Exercise instructions
Starting with the opening line of the material, restate every line word for word, and end on the line containing "Tee-shirt en laine".

Input material
******************************
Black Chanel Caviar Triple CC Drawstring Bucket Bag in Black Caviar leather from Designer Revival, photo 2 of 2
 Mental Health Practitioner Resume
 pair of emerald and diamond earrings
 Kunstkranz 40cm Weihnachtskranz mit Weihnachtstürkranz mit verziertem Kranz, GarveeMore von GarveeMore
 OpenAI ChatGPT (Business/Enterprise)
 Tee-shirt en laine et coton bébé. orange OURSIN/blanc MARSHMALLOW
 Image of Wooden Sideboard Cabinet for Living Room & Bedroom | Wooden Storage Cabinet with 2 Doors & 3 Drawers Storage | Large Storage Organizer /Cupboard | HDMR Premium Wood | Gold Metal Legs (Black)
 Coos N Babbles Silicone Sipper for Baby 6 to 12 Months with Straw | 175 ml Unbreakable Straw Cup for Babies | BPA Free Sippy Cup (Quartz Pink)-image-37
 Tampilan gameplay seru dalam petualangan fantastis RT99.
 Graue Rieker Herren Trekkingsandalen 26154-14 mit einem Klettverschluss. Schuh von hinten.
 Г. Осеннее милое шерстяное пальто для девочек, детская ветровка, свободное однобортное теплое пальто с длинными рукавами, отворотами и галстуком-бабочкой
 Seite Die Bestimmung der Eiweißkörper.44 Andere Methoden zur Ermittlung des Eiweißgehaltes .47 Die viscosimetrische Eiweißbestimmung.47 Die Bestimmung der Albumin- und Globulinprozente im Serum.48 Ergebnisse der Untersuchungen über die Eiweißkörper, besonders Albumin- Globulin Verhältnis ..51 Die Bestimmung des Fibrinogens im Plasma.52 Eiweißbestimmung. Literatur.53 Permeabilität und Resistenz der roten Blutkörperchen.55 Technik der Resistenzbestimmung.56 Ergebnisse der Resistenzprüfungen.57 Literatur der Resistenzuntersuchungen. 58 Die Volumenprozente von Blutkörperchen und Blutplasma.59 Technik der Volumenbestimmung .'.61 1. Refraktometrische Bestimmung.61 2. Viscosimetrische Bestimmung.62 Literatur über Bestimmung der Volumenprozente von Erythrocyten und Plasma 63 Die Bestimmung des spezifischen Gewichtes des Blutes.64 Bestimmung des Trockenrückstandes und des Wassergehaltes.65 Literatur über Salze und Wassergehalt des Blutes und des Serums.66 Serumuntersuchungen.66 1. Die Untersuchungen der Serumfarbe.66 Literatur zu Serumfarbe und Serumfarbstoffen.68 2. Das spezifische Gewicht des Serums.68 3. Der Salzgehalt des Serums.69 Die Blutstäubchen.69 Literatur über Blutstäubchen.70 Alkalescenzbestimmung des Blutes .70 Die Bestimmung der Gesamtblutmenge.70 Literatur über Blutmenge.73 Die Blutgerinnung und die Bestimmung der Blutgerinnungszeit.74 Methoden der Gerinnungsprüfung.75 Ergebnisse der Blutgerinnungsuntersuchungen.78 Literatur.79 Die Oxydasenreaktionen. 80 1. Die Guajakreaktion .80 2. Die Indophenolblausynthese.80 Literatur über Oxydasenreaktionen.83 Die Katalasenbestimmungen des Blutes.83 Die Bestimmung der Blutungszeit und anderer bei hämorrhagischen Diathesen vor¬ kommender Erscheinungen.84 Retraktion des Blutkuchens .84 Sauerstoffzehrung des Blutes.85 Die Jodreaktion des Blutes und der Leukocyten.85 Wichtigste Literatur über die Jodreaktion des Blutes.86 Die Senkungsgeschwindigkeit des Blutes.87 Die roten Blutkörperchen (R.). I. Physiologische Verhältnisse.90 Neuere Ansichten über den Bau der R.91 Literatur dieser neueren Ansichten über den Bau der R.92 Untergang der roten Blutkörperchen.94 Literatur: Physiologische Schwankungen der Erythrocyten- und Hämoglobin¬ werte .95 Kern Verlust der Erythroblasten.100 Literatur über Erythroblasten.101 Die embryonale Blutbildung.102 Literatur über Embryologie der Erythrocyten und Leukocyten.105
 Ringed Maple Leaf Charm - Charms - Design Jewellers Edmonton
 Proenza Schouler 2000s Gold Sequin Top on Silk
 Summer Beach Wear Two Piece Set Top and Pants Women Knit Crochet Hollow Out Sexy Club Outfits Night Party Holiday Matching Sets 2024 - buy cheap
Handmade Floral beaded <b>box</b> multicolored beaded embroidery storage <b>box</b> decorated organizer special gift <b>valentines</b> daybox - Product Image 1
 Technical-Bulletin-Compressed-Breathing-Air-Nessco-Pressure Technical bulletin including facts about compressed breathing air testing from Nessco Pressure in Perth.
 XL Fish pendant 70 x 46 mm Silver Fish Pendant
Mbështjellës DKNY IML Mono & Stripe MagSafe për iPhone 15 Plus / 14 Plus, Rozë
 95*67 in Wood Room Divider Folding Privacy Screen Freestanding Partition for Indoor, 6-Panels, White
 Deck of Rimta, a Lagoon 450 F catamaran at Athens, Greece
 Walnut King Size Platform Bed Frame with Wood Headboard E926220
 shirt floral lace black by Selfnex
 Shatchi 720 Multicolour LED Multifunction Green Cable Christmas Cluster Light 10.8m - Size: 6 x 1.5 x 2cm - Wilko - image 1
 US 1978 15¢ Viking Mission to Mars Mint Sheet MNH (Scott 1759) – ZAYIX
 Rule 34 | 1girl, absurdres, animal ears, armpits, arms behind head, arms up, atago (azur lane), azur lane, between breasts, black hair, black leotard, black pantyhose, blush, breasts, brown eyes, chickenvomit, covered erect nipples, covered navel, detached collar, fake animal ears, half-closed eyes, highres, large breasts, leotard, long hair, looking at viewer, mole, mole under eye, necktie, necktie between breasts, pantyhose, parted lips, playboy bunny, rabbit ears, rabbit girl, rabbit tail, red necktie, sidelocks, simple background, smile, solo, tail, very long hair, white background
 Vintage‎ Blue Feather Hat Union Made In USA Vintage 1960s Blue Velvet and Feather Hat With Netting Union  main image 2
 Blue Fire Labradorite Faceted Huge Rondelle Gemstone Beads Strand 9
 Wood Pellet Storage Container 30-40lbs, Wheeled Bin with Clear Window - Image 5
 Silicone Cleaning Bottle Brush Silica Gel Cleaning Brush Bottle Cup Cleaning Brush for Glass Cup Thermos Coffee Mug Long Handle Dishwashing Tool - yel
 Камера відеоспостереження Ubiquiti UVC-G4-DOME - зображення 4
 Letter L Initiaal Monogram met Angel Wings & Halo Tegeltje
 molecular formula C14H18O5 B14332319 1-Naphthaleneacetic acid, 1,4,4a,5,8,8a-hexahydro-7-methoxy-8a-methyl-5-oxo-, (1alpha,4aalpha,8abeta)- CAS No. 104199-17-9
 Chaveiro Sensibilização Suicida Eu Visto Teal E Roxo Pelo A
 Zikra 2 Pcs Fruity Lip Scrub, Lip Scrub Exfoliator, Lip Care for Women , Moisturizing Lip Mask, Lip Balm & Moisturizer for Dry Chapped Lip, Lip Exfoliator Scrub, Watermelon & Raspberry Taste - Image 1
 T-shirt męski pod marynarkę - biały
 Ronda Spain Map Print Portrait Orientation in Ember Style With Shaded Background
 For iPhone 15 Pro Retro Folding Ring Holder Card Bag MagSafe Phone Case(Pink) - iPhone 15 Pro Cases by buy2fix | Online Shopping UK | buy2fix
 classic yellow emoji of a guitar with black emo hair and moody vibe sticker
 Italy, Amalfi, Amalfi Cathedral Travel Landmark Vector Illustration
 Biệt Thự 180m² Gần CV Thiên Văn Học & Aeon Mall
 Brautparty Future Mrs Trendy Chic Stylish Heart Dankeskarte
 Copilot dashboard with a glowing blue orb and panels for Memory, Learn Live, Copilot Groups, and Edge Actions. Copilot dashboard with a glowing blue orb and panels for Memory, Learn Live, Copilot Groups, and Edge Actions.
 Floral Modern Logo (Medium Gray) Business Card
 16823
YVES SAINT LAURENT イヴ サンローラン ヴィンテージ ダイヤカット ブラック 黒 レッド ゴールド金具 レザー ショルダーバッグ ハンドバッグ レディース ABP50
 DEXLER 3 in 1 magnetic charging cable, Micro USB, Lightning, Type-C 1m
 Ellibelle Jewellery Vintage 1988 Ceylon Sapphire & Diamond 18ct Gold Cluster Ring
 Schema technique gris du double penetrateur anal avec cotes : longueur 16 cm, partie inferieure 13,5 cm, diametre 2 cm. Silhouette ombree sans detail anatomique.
******************************
Finished task
Black Chanel Caviar Triple CC Drawstring Bucket Bag in Black Caviar leather from Designer Revival, photo 2 of 2
 Mental Health Practitioner Resume
 pair of emerald and diamond earrings
 Kunstkranz 40cm Weihnachtskranz mit Weihnachtstürkranz mit verziertem Kranz, GarveeMore von GarveeMore
 OpenAI ChatGPT (Business/Enterprise)
 Tee-shirt en laine et coton bébé. orange OURSIN/blanc MARSHMALLOW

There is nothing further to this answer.